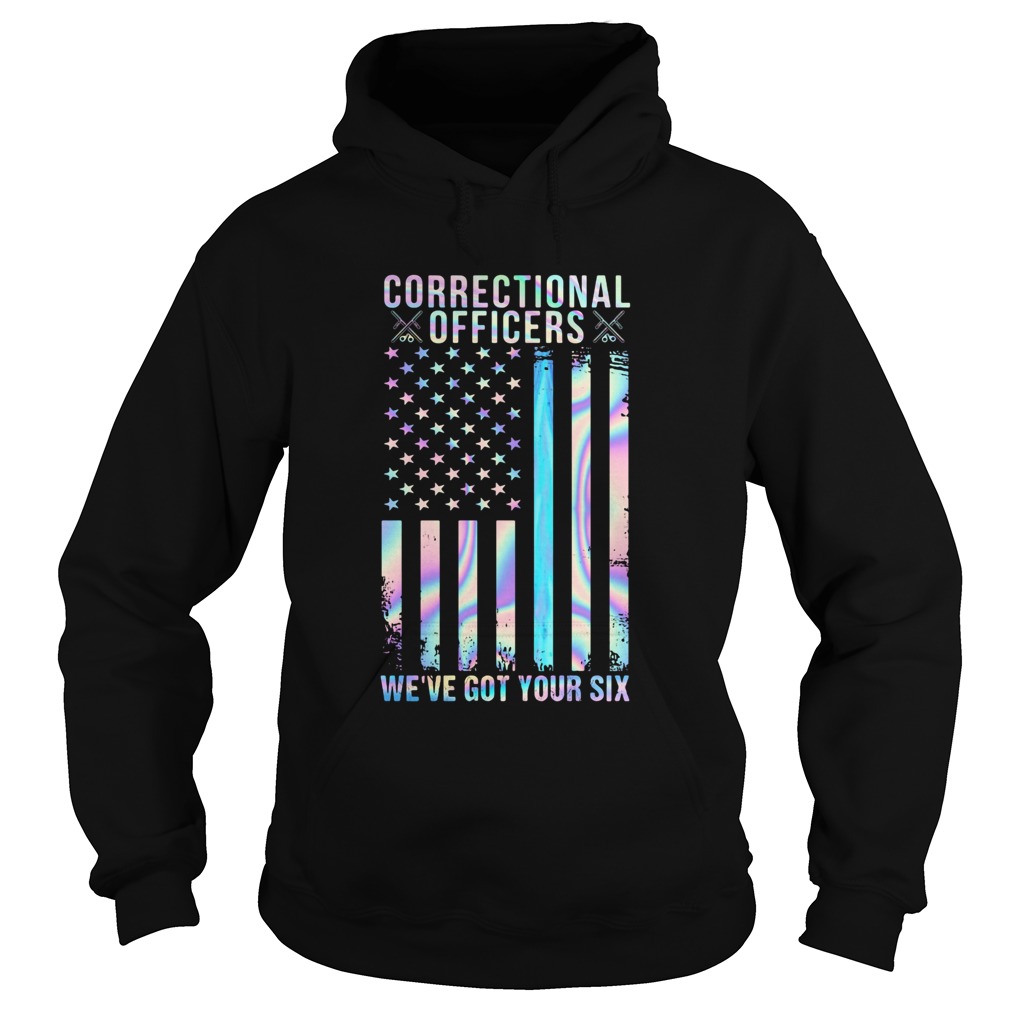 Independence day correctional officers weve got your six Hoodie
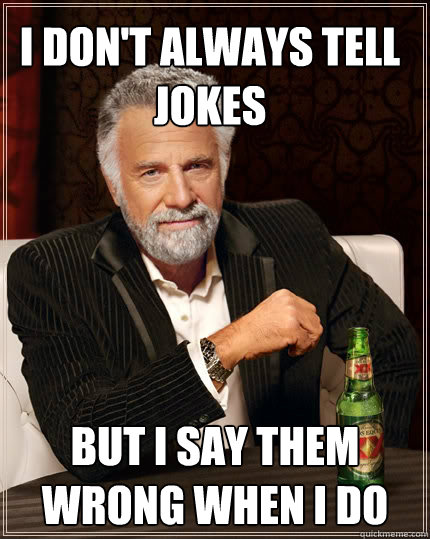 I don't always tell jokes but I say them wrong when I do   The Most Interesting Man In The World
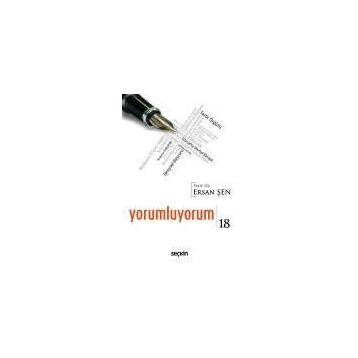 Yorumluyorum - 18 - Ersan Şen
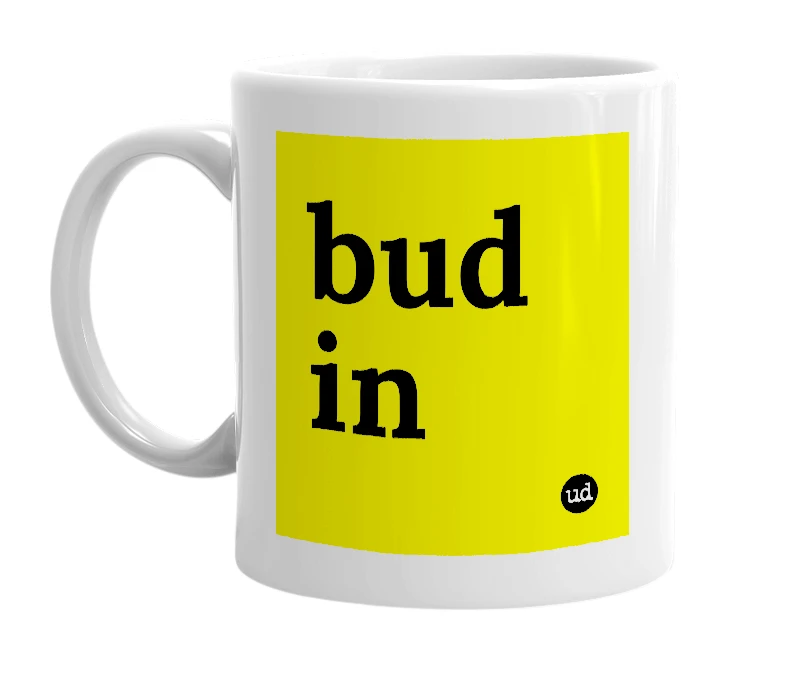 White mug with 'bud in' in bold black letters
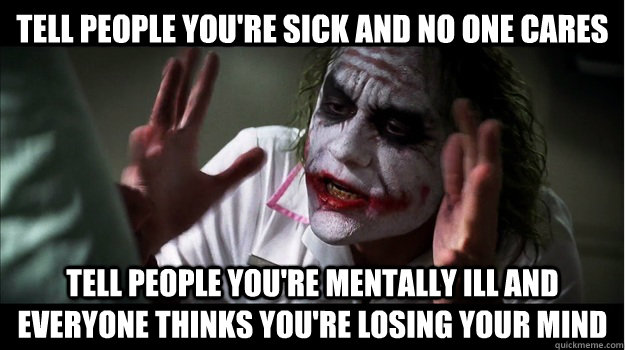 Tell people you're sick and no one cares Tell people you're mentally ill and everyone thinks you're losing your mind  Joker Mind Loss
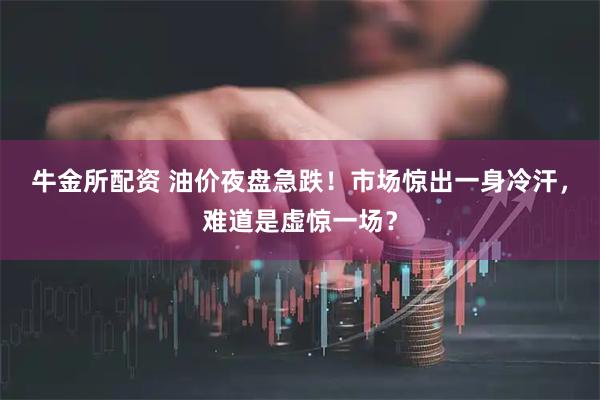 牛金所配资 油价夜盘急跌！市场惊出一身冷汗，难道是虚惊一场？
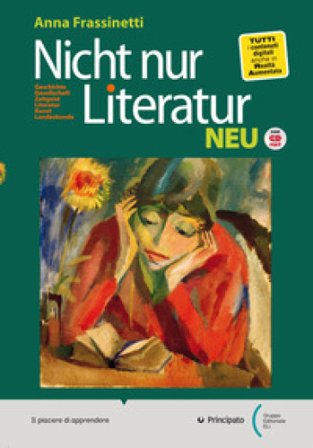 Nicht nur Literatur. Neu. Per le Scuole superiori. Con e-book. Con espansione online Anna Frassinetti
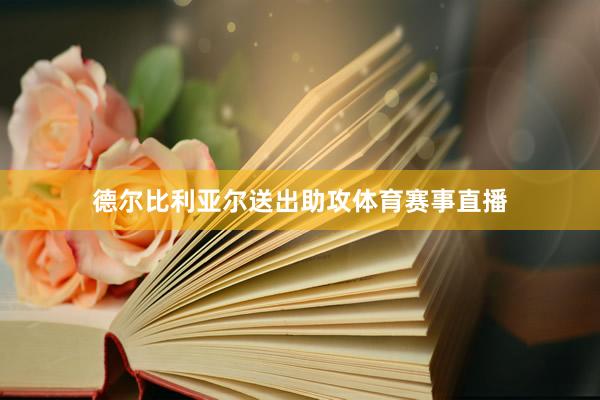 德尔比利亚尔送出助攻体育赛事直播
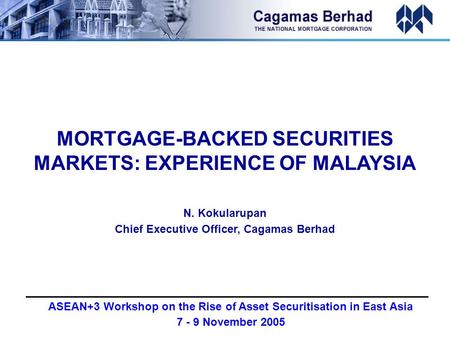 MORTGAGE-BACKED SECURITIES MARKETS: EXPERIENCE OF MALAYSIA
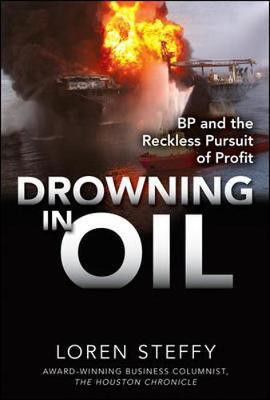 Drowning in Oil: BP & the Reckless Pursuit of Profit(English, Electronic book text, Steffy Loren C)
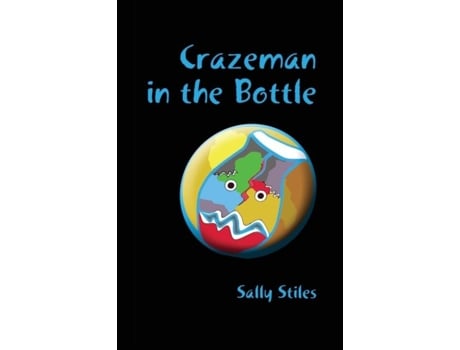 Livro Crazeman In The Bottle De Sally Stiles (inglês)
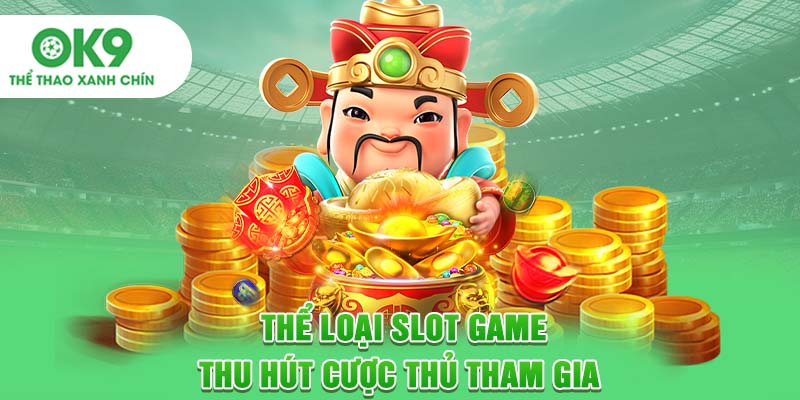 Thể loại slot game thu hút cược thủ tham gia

____

In the entries above, find the line with "Yorumluyorum - 18 - Ersan Şen" and the line with "MORTGAGE-BACKED SECURITIES MARKETS: EXPERIENCE". Write out exactly those two lines and every line between them, pictures excluded.

> [Task response]:
 Yorumluyorum - 18 - Ersan Şen
 White mug with 'bud in' in bold black letters
 Tell people you're sick and no one cares Tell people you're mentally ill and everyone thinks you're losing your mind  Joker Mind Loss
 牛金所配资 油价夜盘急跌！市场惊出一身冷汗，难道是虚惊一场？
 Nicht nur Literatur. Neu. Per le Scuole superiori. Con e-book. Con espansione online Anna Frassinetti
 德尔比利亚尔送出助攻体育赛事直播
 MORTGAGE-BACKED SECURITIES MARKETS: EXPERIENCE OF MALAYSIA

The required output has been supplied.